By Christina Hennelly
YOGA: A Complementary Tool for the Social Worker
The practice of Yoga is growing in the North American lifestyle. It is available in many settings, including fitness clubs, wellness studios, university campus and even online. Yoga for workplace wellness is also gaining energy. Social workers have also joined the yoga movement, practicing themselves or suggesting it to clients. The benefits are widely known by the healthcare community as an alternative therapy for various medical conditions. This is especially true anxiety, depression, and even brain injury recovery.
Benefits of Yoga for Workplace Wellness
Yoga practitioners have acknowledged the value of yoga that goes way beyond increased flexibility and strength for thousands of years. Scientific interest in yoga’s impact to overall well being has led to growing evidence supporting this. Published clinical studies of yoga support its use in helping brain injury survivor’s. It helps with overall mood and quality of life. Additionally it helps with lowering stress and injury-related symptoms such as nausea and headaches (Cabral, Meyer, & Ames, 2011).
Yoga in Social Work
Perhaps surprisingly, Many social workers have used yoga to along with traditional therapies for years. Yoga is now making a start in professional education programs. Generally, this includes offering social workers the opportunity to acquire more knowledge about the importance of this ancient practice. In view of the broadening demand for such courses, yoga may soon be built in to social work practice.
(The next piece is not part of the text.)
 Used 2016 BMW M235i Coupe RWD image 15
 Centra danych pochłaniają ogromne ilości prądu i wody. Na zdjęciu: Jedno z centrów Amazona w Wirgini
“Whereas social work education focuses on developing the cognitive and discursive aspects of self-awareness and reflection, recent neuroscientific studies confirm what has long been known in Eastern embodied practices, that the body is the ‘main channel for influencing the mind’. Drawing on the literature exploring the mind–body connection interspersed with my own experience using yoga as a reflexive practice, I argue that making the role of the body more visible in the professional discourse and placing a greater emphasis on embodied knowledge in social work education strengthens the reflexive capacity of future practitioners leading to a greater health and well being of social workers and better outcomes for their clients” (Mensinga, 2011).
Dual Training for Social Workers
A growing number of mental health workers, like Arlene Kerr-Martin, Clinical Social Worker, are becoming yoga teachers themselves. In fact, they do this to include yoga as a element of regular remedial sessions and offer yoga for workplace wellness. “It’s a great supplement to behavioral therapy and counseling. Common themes of therapy goals for client treatment plans are reality assessment, reducing fear, increasing self-confidence and worth and lifting depression.”
Additionally, according to Kerr-Martin, yoga helped her clients attain all these goals. It also made better their mind / body awareness and the power of social experiences. It’s a matter of weaving in the benefits of traditional yoga practice into the setting. Just like any therapy, patients must practice on a regular schedule to see the benefits. Even a daily practice of 10-15 minutes can move patients toward therapy goals.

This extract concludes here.